The stretch wanted below opens at the line containing "Door Seal: Mfr Part # 7212P043-60" and closes at the line containing "La Casa Del". Please return it exactly, with no other lines.

**DATA TO PROCESS:**

######

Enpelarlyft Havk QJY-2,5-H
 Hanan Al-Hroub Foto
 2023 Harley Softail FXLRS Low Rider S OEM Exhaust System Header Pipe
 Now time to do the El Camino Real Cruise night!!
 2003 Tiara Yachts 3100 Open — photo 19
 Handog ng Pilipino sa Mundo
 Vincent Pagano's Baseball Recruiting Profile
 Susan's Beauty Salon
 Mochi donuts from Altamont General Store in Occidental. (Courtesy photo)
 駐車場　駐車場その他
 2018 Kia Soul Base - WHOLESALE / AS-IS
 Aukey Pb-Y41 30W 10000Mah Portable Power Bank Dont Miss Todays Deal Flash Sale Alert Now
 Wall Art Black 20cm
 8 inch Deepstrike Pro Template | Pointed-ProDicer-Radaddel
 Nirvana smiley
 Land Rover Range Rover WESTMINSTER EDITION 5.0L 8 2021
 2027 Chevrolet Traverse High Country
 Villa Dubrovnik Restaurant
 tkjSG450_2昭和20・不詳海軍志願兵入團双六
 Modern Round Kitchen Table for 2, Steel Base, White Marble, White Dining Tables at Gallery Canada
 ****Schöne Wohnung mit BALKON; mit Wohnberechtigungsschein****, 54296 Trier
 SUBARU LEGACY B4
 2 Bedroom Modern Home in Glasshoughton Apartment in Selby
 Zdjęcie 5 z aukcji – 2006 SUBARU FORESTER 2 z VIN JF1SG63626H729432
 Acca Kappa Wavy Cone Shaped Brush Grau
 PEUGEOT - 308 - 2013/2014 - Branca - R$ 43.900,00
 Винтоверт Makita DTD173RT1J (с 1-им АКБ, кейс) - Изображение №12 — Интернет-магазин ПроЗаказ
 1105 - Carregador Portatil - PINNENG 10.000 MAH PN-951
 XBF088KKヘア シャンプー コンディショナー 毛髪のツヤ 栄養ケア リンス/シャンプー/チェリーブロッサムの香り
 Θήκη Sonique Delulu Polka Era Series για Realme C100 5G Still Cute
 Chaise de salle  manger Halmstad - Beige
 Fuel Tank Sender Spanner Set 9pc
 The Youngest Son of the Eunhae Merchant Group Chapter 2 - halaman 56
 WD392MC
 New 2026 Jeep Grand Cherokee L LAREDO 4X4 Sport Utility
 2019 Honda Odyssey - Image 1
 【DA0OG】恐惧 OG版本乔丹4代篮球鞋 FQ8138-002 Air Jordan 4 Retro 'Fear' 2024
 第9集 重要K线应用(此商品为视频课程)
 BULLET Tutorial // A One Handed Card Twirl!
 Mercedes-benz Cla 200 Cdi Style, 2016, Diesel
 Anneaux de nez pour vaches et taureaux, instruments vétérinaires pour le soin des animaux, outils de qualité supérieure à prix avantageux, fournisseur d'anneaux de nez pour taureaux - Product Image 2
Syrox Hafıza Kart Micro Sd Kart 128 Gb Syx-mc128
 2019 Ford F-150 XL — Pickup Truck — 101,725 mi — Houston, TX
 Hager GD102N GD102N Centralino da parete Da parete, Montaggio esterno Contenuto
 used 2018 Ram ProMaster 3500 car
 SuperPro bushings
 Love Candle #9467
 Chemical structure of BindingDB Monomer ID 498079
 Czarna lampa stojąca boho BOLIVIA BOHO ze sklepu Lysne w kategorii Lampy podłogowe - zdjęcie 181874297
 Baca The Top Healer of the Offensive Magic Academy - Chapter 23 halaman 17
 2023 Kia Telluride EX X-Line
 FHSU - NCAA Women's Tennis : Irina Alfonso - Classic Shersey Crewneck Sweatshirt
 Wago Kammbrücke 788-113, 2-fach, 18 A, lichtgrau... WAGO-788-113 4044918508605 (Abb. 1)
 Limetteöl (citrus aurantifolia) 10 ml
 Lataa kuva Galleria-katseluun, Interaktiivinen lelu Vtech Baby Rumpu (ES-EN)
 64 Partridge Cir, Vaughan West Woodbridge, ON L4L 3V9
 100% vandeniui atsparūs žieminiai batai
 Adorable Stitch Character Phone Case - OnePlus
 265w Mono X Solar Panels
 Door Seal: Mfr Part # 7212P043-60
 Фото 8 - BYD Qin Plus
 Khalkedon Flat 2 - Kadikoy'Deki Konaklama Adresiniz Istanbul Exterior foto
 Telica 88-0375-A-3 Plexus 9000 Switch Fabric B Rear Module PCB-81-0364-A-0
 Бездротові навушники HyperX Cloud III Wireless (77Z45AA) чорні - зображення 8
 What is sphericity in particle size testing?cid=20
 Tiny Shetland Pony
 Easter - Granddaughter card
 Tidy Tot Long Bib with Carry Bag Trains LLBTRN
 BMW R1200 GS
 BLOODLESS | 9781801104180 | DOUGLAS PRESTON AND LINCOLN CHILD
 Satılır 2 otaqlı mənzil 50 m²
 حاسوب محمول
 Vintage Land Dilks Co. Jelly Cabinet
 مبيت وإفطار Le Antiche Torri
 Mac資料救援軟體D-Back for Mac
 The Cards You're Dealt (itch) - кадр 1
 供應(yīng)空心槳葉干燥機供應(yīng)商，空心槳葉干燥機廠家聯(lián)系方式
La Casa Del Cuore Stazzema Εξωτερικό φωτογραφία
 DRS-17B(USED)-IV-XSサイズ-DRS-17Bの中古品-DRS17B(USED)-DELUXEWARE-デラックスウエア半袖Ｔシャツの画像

######

**RESULT OF THIS TASK:**
 Door Seal: Mfr Part # 7212P043-60
 Фото 8 - BYD Qin Plus
 Khalkedon Flat 2 - Kadikoy'Deki Konaklama Adresiniz Istanbul Exterior foto
 Telica 88-0375-A-3 Plexus 9000 Switch Fabric B Rear Module PCB-81-0364-A-0
 Бездротові навушники HyperX Cloud III Wireless (77Z45AA) чорні - зображення 8
 What is sphericity in particle size testing?cid=20
 Tiny Shetland Pony
 Easter - Granddaughter card
 Tidy Tot Long Bib with Carry Bag Trains LLBTRN
 BMW R1200 GS
 BLOODLESS | 9781801104180 | DOUGLAS PRESTON AND LINCOLN CHILD
 Satılır 2 otaqlı mənzil 50 m²
 حاسوب محمول
 Vintage Land Dilks Co. Jelly Cabinet
 مبيت وإفطار Le Antiche Torri
 Mac資料救援軟體D-Back for Mac
 The Cards You're Dealt (itch) - кадр 1
 供應(yīng)空心槳葉干燥機供應(yīng)商，空心槳葉干燥機廠家聯(lián)系方式
La Casa Del Cuore Stazzema Εξωτερικό φωτογραφία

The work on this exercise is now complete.